Data excerpts
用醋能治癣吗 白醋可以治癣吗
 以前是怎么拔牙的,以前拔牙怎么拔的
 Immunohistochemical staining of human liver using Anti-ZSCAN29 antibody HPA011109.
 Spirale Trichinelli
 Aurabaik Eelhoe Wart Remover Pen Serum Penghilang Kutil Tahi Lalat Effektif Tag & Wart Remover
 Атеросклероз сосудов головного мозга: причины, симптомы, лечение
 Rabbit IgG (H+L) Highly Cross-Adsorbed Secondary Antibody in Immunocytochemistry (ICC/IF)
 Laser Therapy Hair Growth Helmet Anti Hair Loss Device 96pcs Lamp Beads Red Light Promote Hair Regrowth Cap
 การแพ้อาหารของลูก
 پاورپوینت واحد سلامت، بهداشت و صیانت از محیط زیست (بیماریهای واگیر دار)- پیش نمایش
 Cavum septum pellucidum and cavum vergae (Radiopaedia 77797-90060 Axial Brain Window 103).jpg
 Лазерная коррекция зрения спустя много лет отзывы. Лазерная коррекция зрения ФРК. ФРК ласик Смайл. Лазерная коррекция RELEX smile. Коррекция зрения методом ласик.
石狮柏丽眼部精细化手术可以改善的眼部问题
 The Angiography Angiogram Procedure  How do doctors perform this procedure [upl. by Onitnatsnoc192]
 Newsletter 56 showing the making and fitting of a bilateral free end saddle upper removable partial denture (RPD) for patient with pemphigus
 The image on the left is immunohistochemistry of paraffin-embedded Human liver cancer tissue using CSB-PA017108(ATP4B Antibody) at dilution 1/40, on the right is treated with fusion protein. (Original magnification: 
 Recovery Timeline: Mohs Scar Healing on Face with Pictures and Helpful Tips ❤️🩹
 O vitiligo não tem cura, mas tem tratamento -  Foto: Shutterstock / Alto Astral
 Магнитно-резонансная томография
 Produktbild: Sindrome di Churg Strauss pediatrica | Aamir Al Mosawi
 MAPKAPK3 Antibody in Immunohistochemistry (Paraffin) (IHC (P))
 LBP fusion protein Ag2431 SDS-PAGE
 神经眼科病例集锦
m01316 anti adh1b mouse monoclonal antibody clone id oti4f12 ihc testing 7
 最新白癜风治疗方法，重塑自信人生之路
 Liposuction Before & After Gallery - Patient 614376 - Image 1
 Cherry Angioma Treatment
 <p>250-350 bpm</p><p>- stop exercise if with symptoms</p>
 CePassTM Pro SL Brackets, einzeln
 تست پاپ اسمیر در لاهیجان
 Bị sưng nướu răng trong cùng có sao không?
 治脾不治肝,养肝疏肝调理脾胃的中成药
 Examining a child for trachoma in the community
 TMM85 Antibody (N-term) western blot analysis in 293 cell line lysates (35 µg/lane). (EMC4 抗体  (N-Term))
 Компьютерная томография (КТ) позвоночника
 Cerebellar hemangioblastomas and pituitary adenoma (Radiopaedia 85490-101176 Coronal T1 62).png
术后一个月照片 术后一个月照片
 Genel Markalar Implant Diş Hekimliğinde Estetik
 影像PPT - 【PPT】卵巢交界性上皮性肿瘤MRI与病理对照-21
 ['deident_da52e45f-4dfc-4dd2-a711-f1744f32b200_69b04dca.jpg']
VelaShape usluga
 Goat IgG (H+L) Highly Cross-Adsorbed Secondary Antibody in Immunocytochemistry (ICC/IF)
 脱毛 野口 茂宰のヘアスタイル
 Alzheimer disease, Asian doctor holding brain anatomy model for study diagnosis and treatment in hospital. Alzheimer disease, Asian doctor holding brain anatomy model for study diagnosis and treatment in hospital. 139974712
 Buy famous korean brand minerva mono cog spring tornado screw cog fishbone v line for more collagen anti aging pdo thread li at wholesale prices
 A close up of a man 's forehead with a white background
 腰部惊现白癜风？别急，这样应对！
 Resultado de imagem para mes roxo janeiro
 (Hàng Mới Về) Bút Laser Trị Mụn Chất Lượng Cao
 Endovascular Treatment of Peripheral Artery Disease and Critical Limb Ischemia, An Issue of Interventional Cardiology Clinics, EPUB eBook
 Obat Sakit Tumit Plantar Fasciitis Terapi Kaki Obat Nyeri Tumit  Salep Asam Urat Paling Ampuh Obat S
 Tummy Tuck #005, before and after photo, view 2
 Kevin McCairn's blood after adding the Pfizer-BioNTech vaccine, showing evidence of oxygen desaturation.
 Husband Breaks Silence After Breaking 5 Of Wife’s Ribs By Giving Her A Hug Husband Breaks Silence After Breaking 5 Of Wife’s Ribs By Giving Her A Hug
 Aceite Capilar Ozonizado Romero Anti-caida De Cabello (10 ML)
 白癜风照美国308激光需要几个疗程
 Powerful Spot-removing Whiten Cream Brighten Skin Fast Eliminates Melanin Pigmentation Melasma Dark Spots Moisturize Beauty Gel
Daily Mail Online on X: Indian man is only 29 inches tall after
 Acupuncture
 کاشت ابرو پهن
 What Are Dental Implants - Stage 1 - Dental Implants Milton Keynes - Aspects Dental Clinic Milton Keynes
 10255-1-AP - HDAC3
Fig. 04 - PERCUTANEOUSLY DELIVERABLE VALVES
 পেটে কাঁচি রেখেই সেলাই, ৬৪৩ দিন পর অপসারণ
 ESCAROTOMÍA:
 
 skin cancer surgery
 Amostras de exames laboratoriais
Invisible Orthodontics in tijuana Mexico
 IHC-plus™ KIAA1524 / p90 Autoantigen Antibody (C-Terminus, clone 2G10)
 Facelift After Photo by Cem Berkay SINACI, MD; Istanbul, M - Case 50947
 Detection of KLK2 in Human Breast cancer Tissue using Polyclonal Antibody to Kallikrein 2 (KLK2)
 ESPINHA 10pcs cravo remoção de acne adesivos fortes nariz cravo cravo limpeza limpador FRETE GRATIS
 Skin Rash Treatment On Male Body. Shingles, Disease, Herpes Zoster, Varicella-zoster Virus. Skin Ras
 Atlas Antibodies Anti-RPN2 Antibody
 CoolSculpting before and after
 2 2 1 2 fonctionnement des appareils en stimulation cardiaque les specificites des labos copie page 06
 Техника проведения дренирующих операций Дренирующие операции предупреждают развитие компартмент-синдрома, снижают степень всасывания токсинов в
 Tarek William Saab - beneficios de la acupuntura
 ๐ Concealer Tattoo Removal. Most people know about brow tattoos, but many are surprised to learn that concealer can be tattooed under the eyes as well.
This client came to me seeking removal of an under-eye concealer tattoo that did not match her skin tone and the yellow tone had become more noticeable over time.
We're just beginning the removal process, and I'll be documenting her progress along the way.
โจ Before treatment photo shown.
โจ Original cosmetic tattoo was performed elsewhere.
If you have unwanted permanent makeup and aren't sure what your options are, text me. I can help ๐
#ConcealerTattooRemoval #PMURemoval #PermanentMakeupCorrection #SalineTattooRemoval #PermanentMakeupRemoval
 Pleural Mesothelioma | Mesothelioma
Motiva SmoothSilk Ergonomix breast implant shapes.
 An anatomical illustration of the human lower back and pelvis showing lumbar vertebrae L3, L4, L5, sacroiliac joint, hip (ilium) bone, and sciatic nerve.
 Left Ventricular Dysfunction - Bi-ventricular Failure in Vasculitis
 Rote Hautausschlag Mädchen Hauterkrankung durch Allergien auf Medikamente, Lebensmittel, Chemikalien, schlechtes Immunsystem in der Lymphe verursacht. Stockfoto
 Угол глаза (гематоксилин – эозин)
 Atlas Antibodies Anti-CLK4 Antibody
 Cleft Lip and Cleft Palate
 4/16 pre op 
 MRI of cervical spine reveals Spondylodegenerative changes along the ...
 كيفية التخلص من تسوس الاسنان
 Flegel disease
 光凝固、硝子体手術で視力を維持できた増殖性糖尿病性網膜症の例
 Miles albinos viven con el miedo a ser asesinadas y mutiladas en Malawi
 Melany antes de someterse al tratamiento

Activity →
Repeat word for word the lines above that run from the line containing "Detection of KLK2" through the line containing "If you have", both ends included, and nothing else.

Written reply →
 Detection of KLK2 in Human Breast cancer Tissue using Polyclonal Antibody to Kallikrein 2 (KLK2)
 ESPINHA 10pcs cravo remoção de acne adesivos fortes nariz cravo cravo limpeza limpador FRETE GRATIS
 Skin Rash Treatment On Male Body. Shingles, Disease, Herpes Zoster, Varicella-zoster Virus. Skin Ras
 Atlas Antibodies Anti-RPN2 Antibody
 CoolSculpting before and after
 2 2 1 2 fonctionnement des appareils en stimulation cardiaque les specificites des labos copie page 06
 Техника проведения дренирующих операций Дренирующие операции предупреждают развитие компартмент-синдрома, снижают степень всасывания токсинов в
 Tarek William Saab - beneficios de la acupuntura
 ๐ Concealer Tattoo Removal. Most people know about brow tattoos, but many are surprised to learn that concealer can be tattooed under the eyes as well.
This client came to me seeking removal of an under-eye concealer tattoo that did not match her skin tone and the yellow tone had become more noticeable over time.
We're just beginning the removal process, and I'll be documenting her progress along the way.
โจ Before treatment photo shown.
โจ Original cosmetic tattoo was performed elsewhere.
If you have unwanted permanent makeup and aren't sure what your options are, text me. I can help ๐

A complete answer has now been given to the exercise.